Stellick’s adjusted EBITDA projection goes up in a similar manner, rising from the previous figure of $68 million to $108.3 million for an implied margin of 12.7 per cent.

From a valuation perspective, Stellick identifies potential fluctuation in the EV/Revenue multiple with its projected rise from 1x in 2021 to 2.8x in 2022 before halving to a projected 1.4x in 2023, while she expects the company’s EV/adjusted EBITDA multiple to consistently drop from 33.9x in 2021 to a projected 26.3x in 2022, then to a projected 11x in 2023.

Overall, Stellick believes the Rubicon acquisition solidifies Neighbourly’s status as a primary acquirer of independent pharmacies.

“Neighbourly’s acquisition of Rubicon Pharmacies aligns with management’s superb track record of aggressive expansion without compromising on and executing on only the most complementary deals,” Stellick said. The addition of 100 pharmacy locations to the Neighbourly portfolio materially increases the Company’s scale and further cements the brand in Western Canada. There remain around 3,600 potential acquisition targets across Canada, and we expect continued aggressive expansion during and following the integration of Rubicon.”

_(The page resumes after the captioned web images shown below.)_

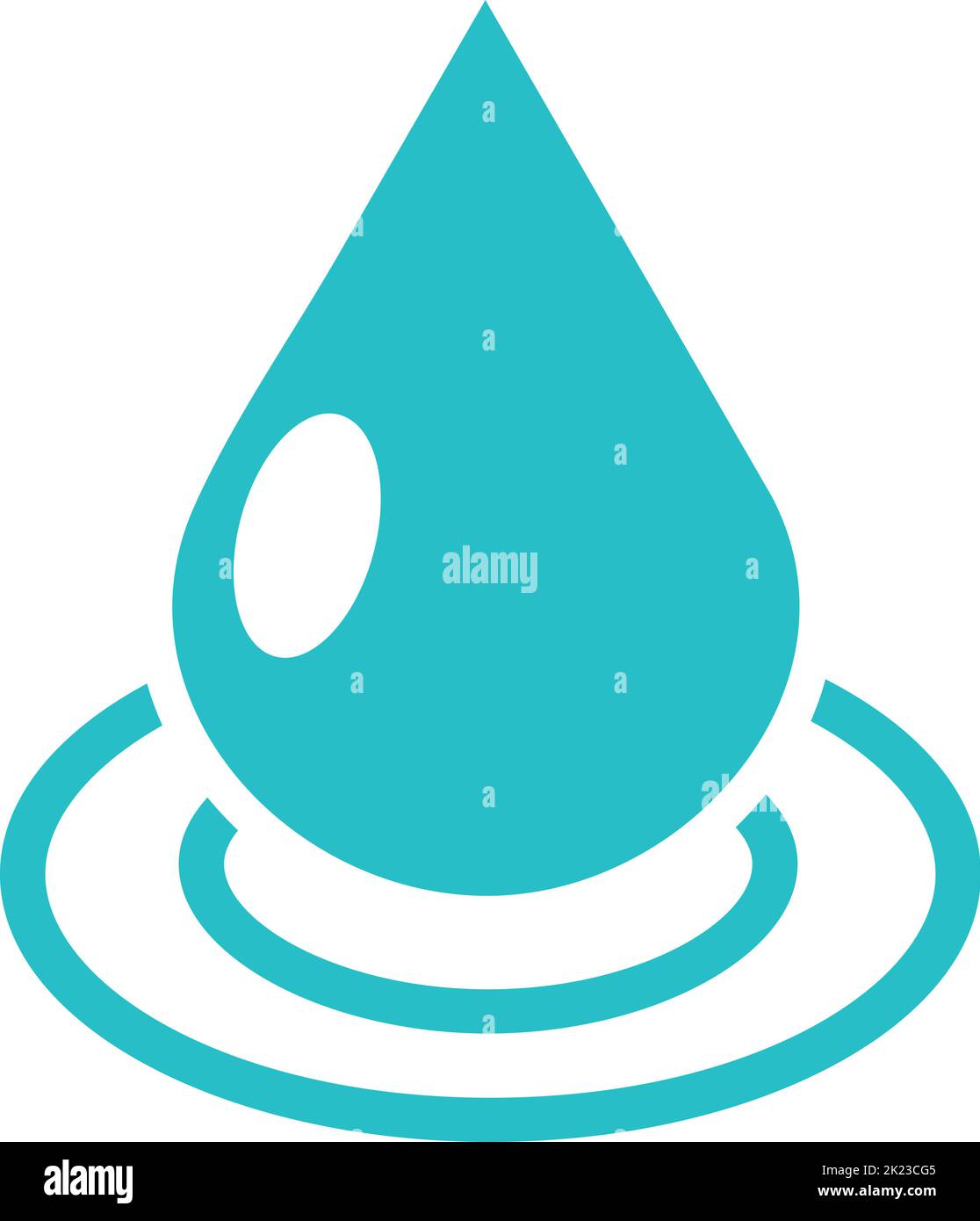 Goccia d'acqua con effetto cerchio ondulazione. Logo Blue Purity Illustrazione Vettoriale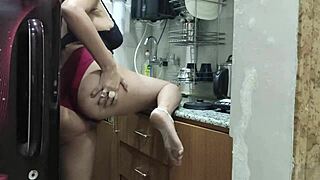 indian stepmom watches and enters her stepsons kitchen to fuck him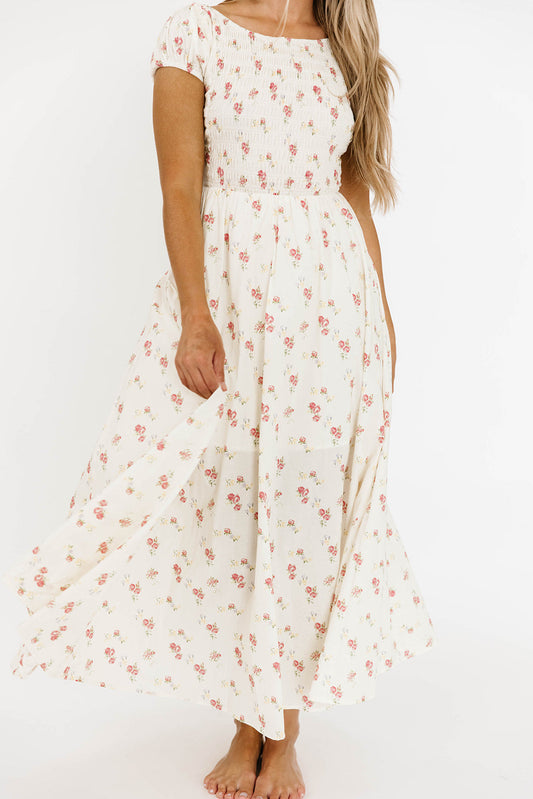 Denise 100% Cotton Smocked Maxi Dress with Piecing and Strappy Back in Cream Floral
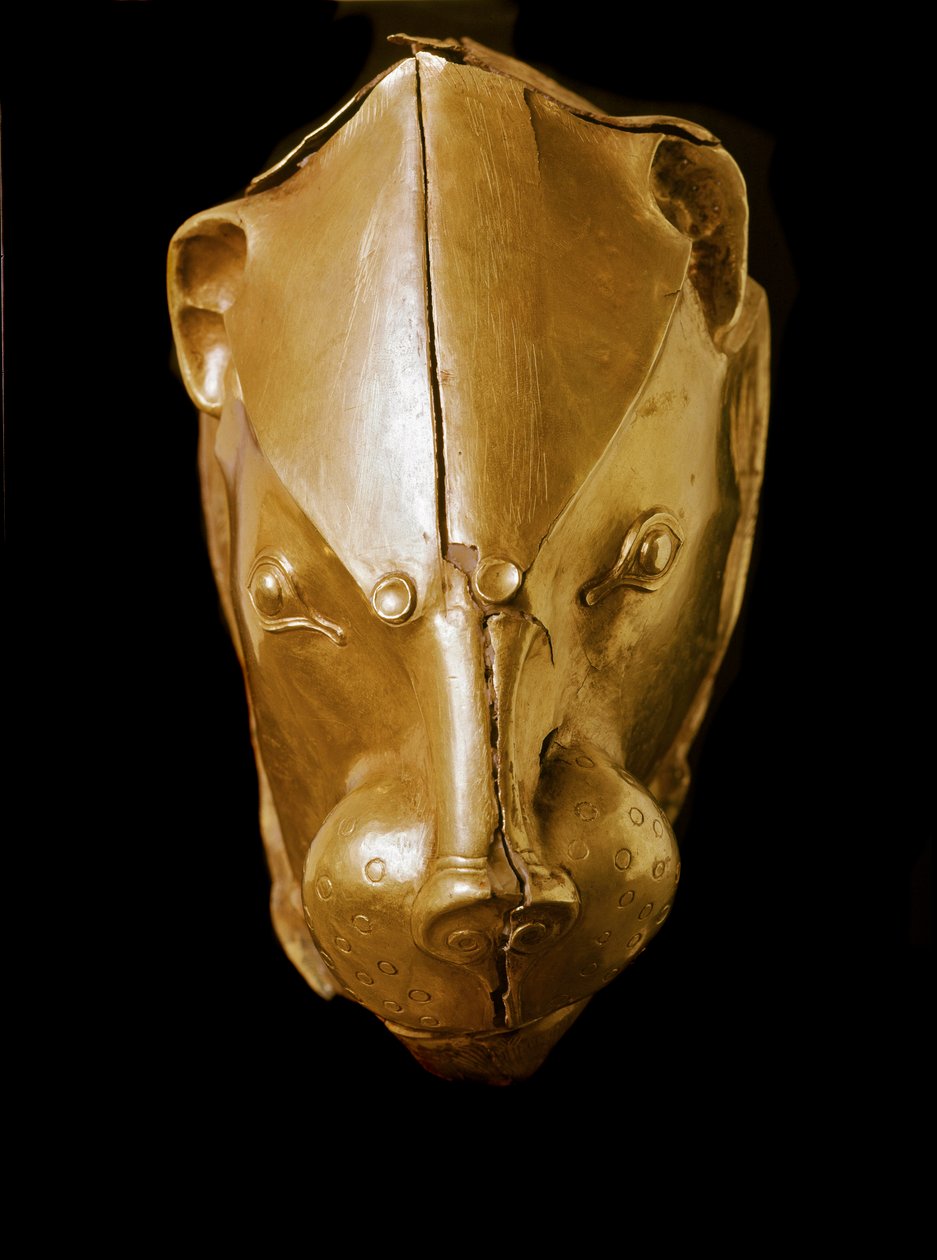 Mykensk kunst: rhython eller rhyton eller golden rython (apparatglass) i form av et løvehode fra grav IV, Mykenes. 1500-tallet f.Kr. Dim. 14 cm Athen, nasjonalt arkeologisk museum - Mykensk kunst: gull løvehode rhyton (seremonielt glass) fra Gra av Mycenaean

Neighbourly Pharmacy’s stock has been steadily climbing to a 42.7 per cent return since it began trading on the Toronto Stock Exchange on May 25, though investors who bought in at the start of 2022 have experienced a loss of 17.9 per cent. Neighbourly opened its trading at $22.49/share in May, eventually reaching a high of $39.94/share on New Year’s Eve before coming back down to start the new year.